What number of lines in the listing contain "Dress"? Answer with that number only.

## Records shown:
══════════
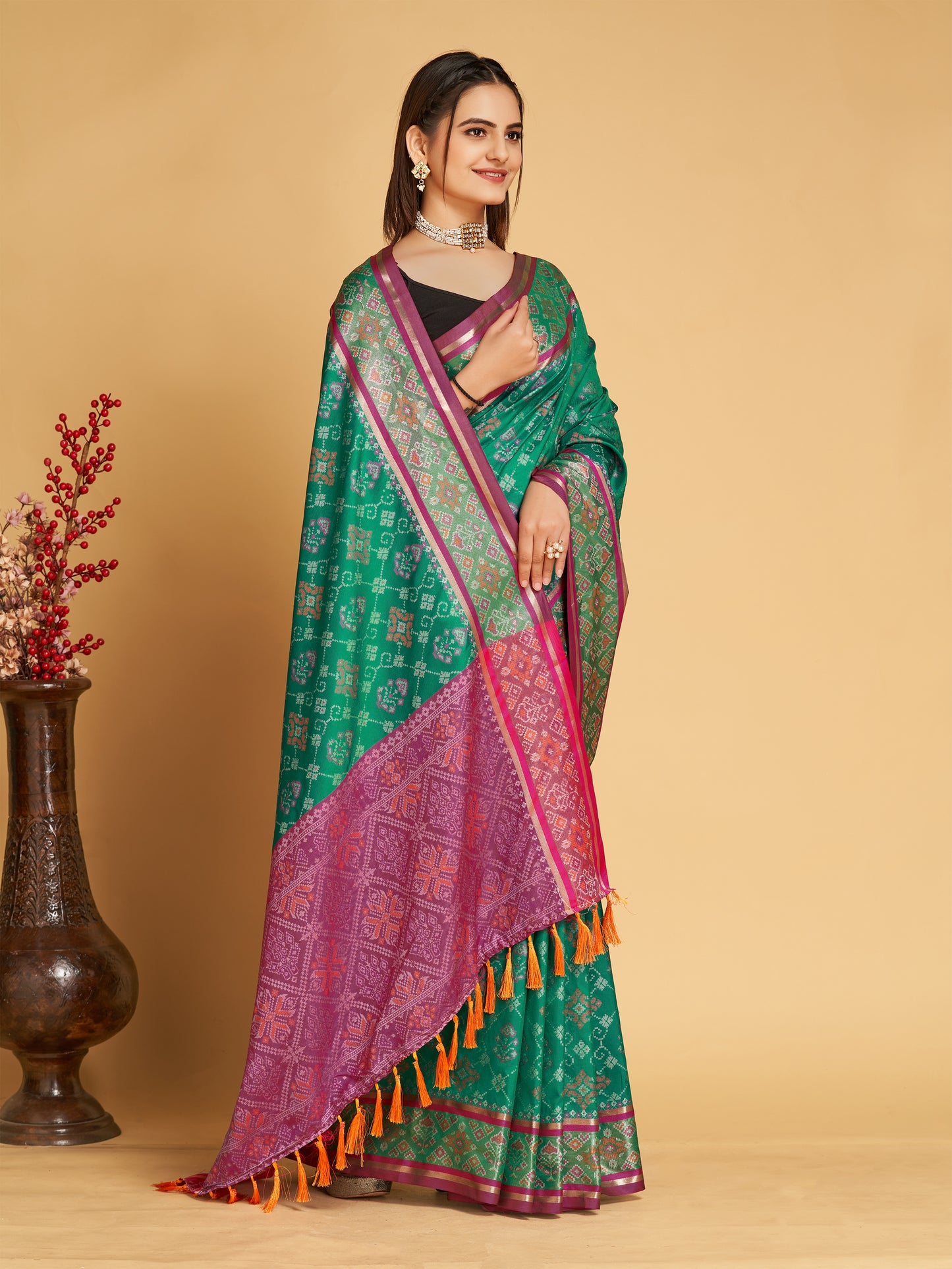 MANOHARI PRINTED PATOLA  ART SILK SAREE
══════════
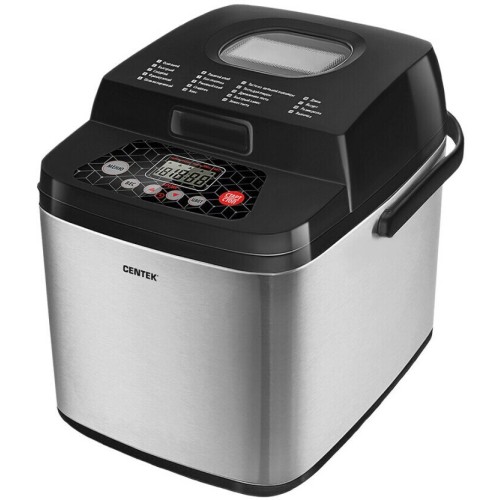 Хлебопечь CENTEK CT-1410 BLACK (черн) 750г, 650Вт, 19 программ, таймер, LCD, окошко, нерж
══════════
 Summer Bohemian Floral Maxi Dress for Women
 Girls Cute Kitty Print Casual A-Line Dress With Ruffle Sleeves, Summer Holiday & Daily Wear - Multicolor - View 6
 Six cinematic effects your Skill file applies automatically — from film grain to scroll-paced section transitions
══════════
## Answer section:
2